• [EXERCISE]:
Omit every picture while repeating the entries exactly.

START DATA UNDER STUDY

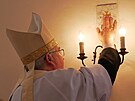 Kapli v are�lu zho�sk�ho z�mku o v�kendu posv�til brn�nsk� biskup Pavel Konzbul.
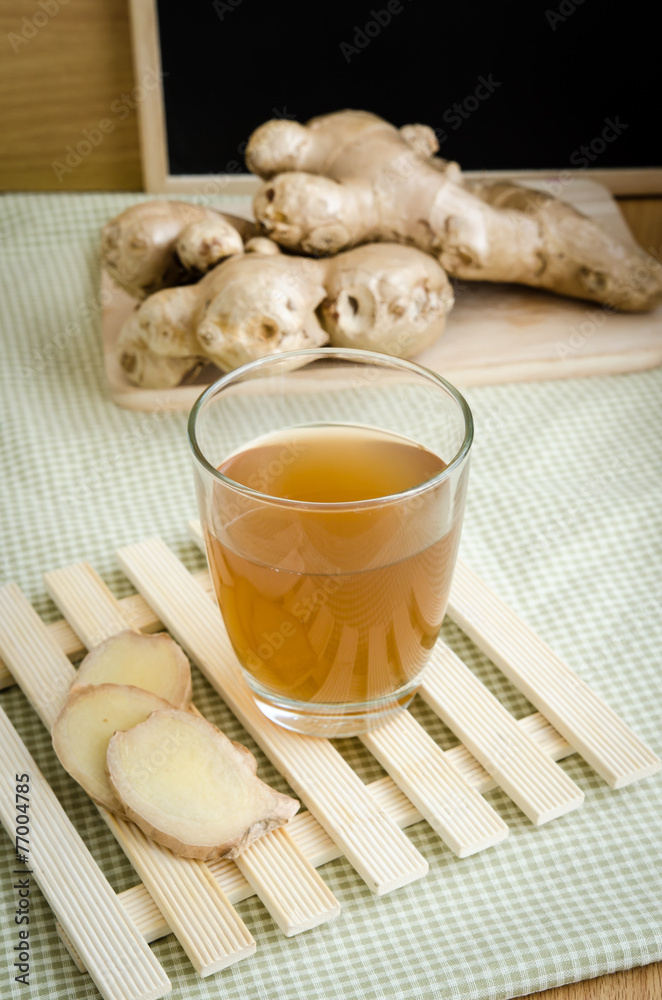 玻璃姜茶特写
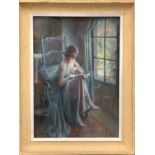 Delphin ENJOLRAS (1857-1945). Femme lisant à la fenêtre. Pastel, signé en bas à [...]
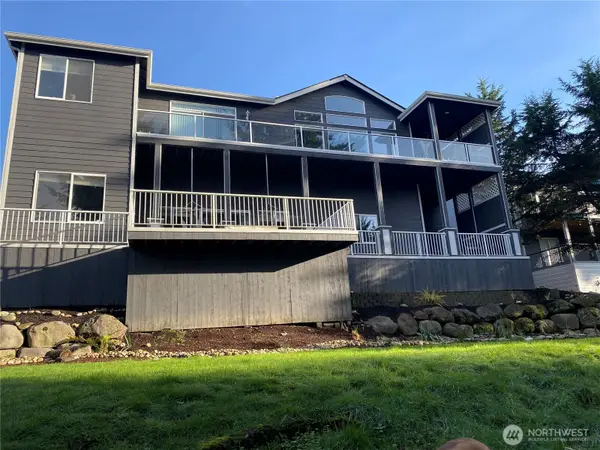 3104 170th Avenue E, Lake Tapps, WA 98391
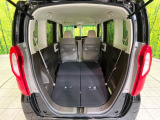 後席を格納すると、これだけの広さが!シーンに合わせたシートアレンジで、大きな荷物も積むことが出来ます♪
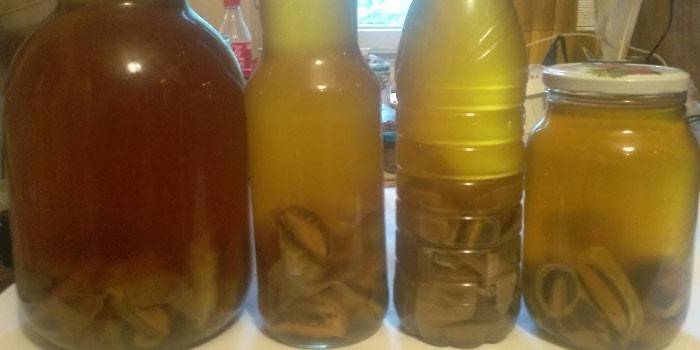 Zabawa z infuzją grzybową w puszkach i butelkach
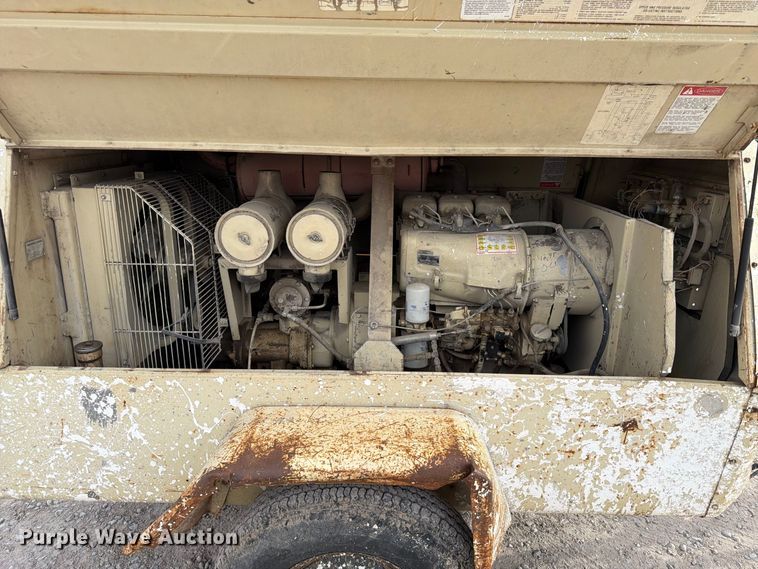 image for item FU0587 1988 Ingersoll Rand P175WD air compressor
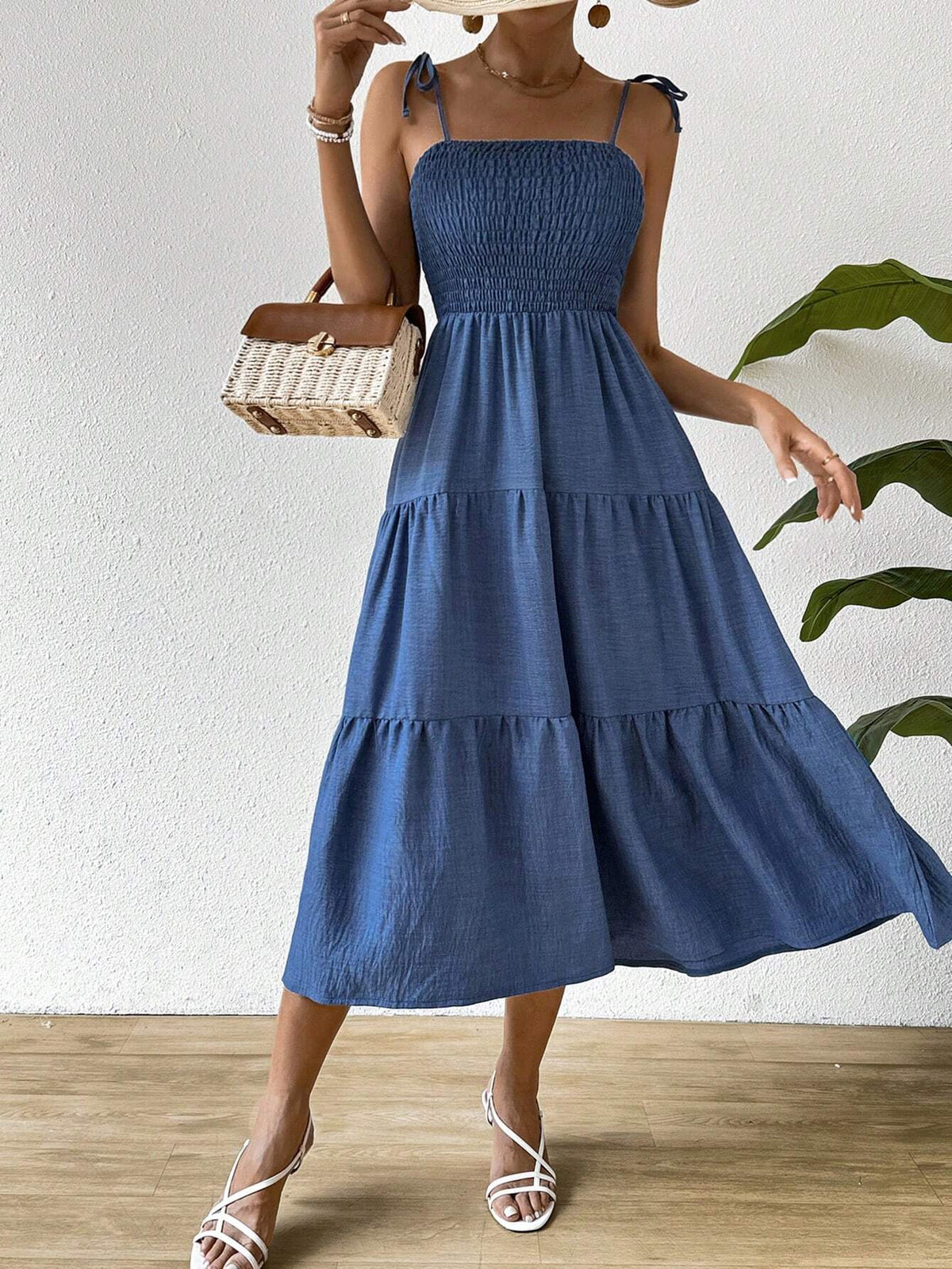 Tie Bowknot & Layered Hem Holiday Style Spaghetti Strap Dress For SpringSummer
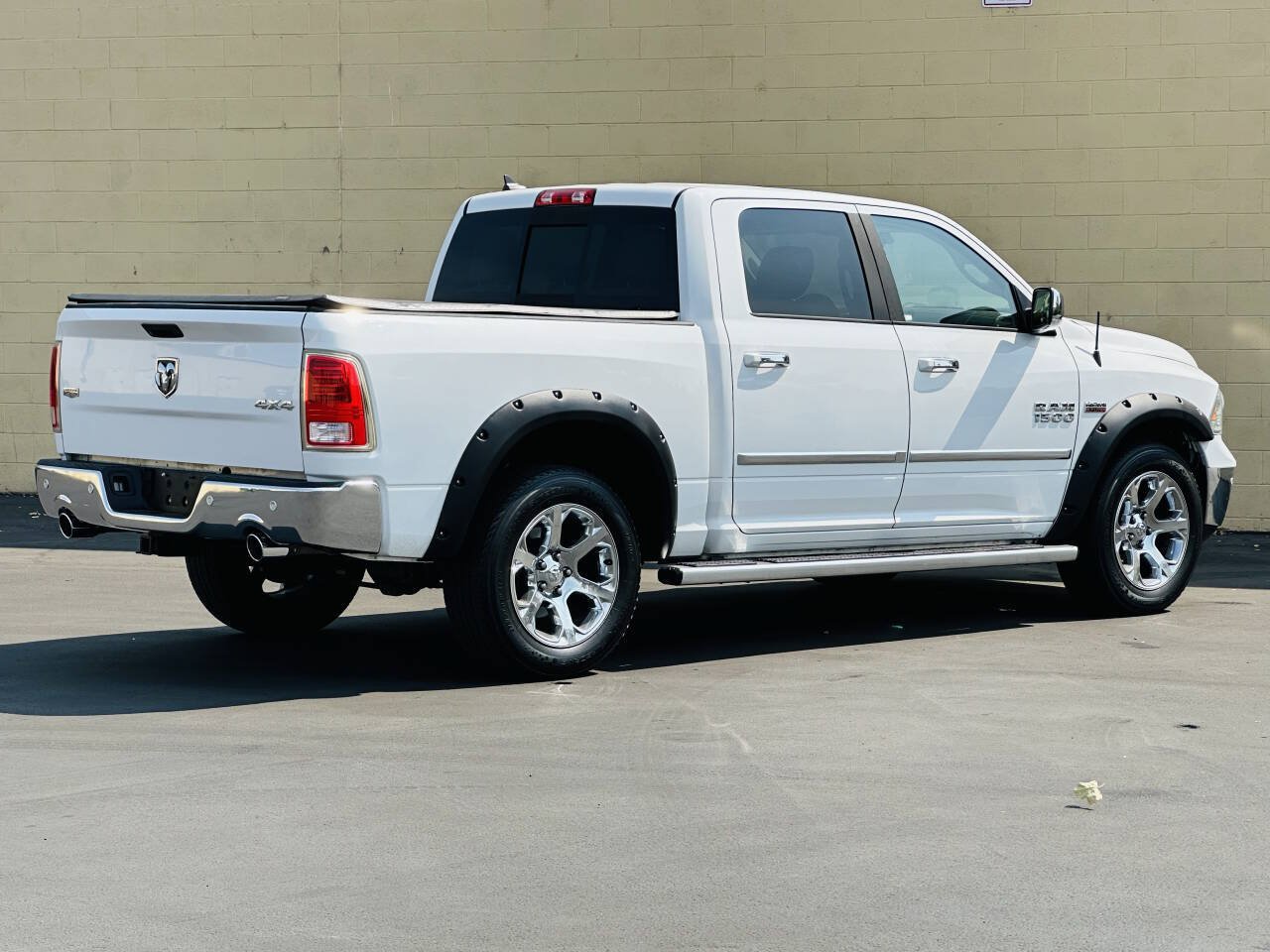 Used 2015 RAM 1500 Laramie w/ Convenience Group AWD/4WD image 4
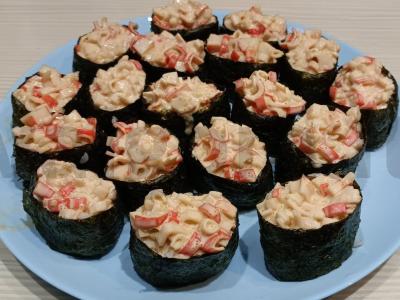 Gunkanai su krabų lazdelėmis ir aštriu padažu pagrindine nuotrauka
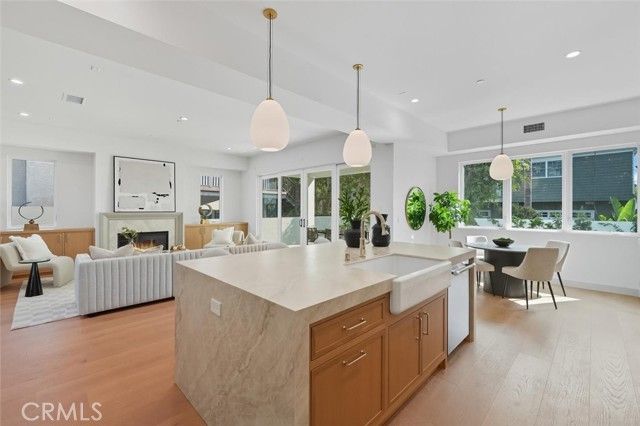 2904 Palm Avenue, Manhattan Beach, CA 90266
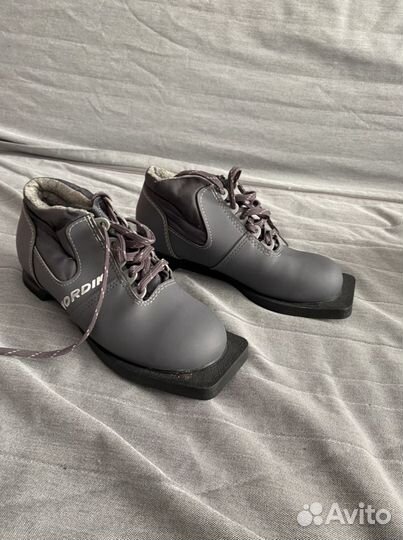 Лыжные ботинки nordik 35 размер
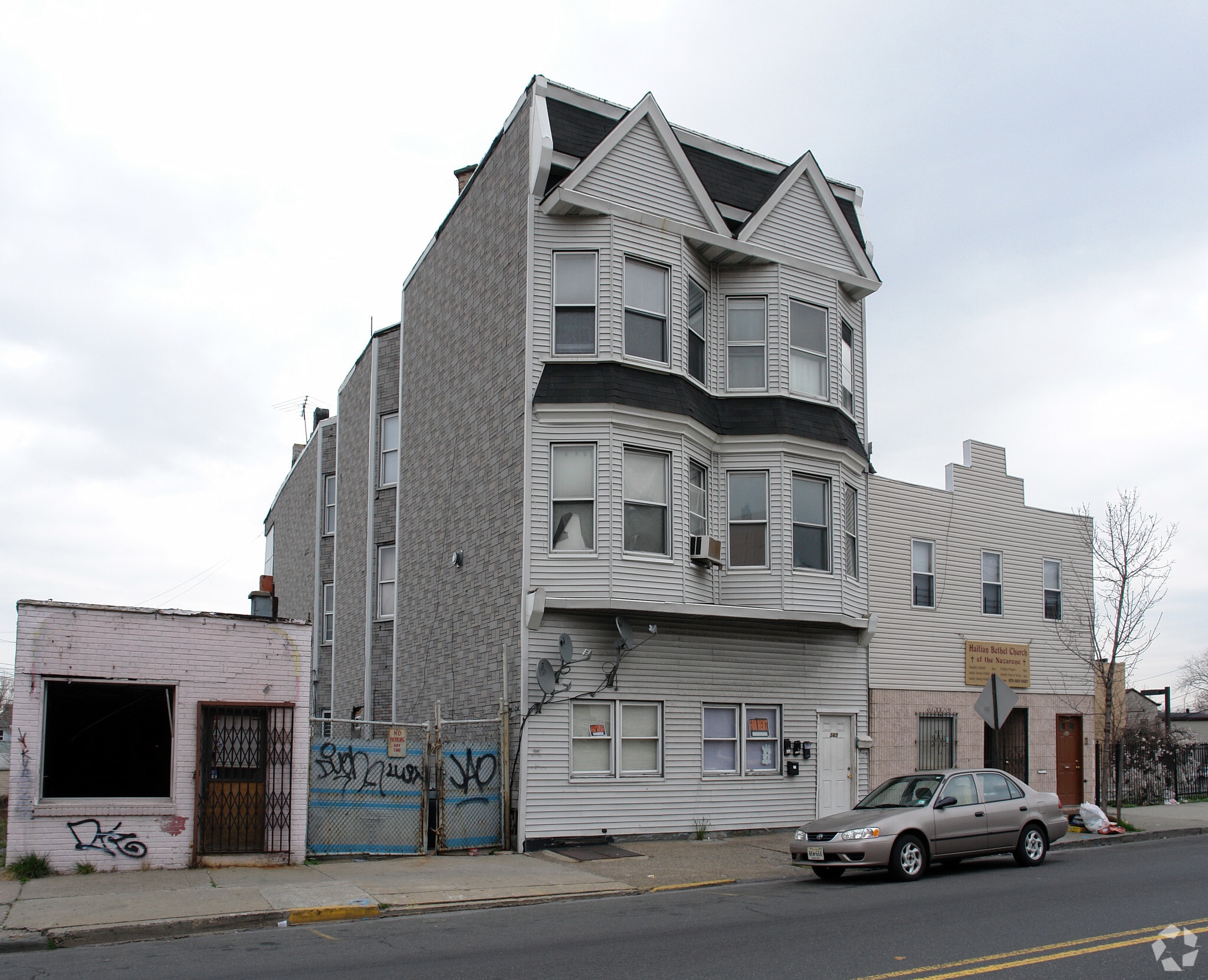 565 Main St, Paterson, NJ for sale Primary Photo- Image 1 of 5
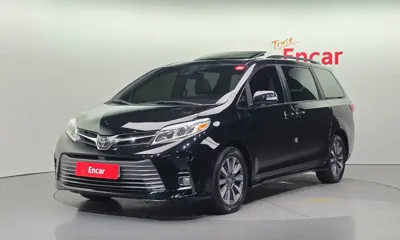 Toyota Sienna · 2018 год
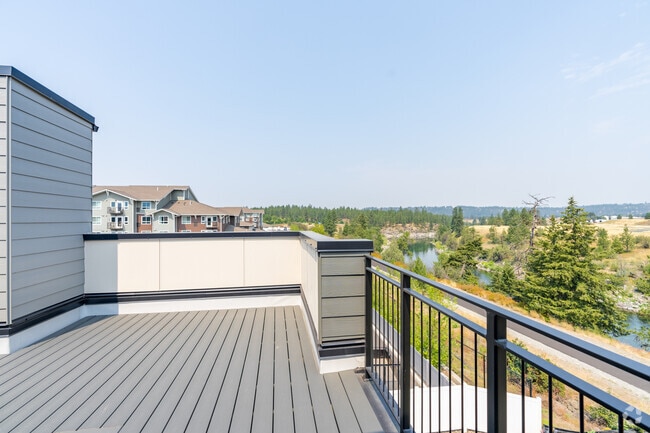 2BR, 2BA - 1250SF - Rooftop - River Landing Townhome Collection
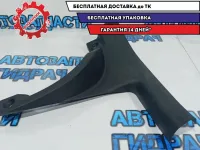 Накладка порога внутренняя задняя левая Kia Rio 3 858754Y000WK. Потертость.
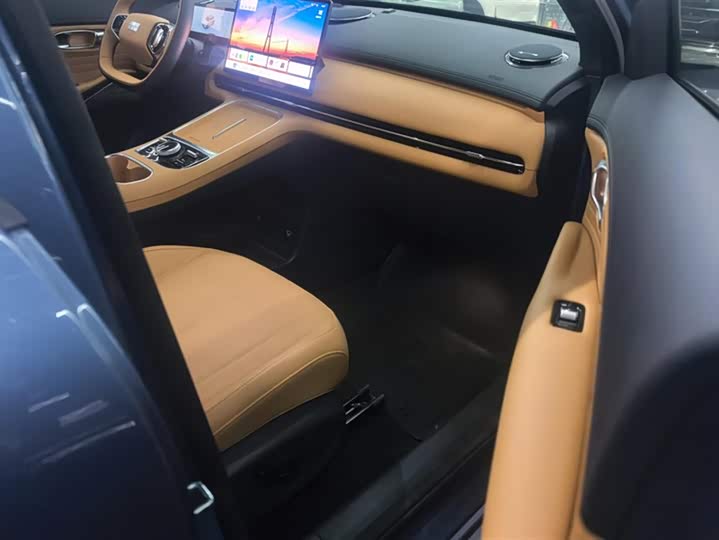 Фото 8 - Geely Galaxy Starship 7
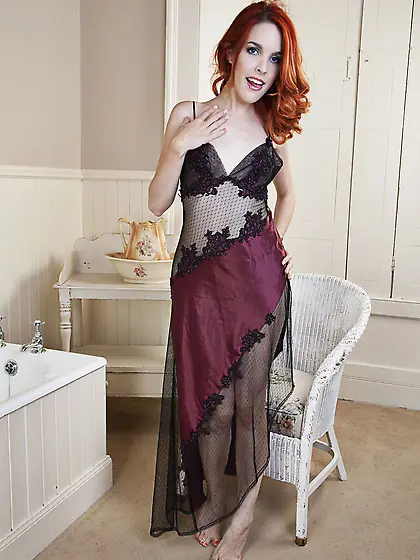 Horny redhead madam is showing striptease skills and drilling he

END DATA UNDER STUDY

• [WORKED SOLUTION]:
 Kapli v are�lu zho�sk�ho z�mku o v�kendu posv�til brn�nsk� biskup Pavel Konzbul.
 玻璃姜茶特写
 Delphin ENJOLRAS (1857-1945). Femme lisant à la fenêtre. Pastel, signé en bas à [...]
 3104 170th Avenue E, Lake Tapps, WA 98391
 後席を格納すると、これだけの広さが!シーンに合わせたシートアレンジで、大きな荷物も積むことが出来ます♪
 Zabawa z infuzją grzybową w puszkach i butelkach
 image for item FU0587 1988 Ingersoll Rand P175WD air compressor
 Tie Bowknot & Layered Hem Holiday Style Spaghetti Strap Dress For SpringSummer
 Used 2015 RAM 1500 Laramie w/ Convenience Group AWD/4WD image 4
 Gunkanai su krabų lazdelėmis ir aštriu padažu pagrindine nuotrauka
 2904 Palm Avenue, Manhattan Beach, CA 90266
 Лыжные ботинки nordik 35 размер
 565 Main St, Paterson, NJ for sale Primary Photo- Image 1 of 5
 Toyota Sienna · 2018 год
 2BR, 2BA - 1250SF - Rooftop - River Landing Townhome Collection
 Накладка порога внутренняя задняя левая Kia Rio 3 858754Y000WK. Потертость.
 Фото 8 - Geely Galaxy Starship 7
 Horny redhead madam is showing striptease skills and drilling he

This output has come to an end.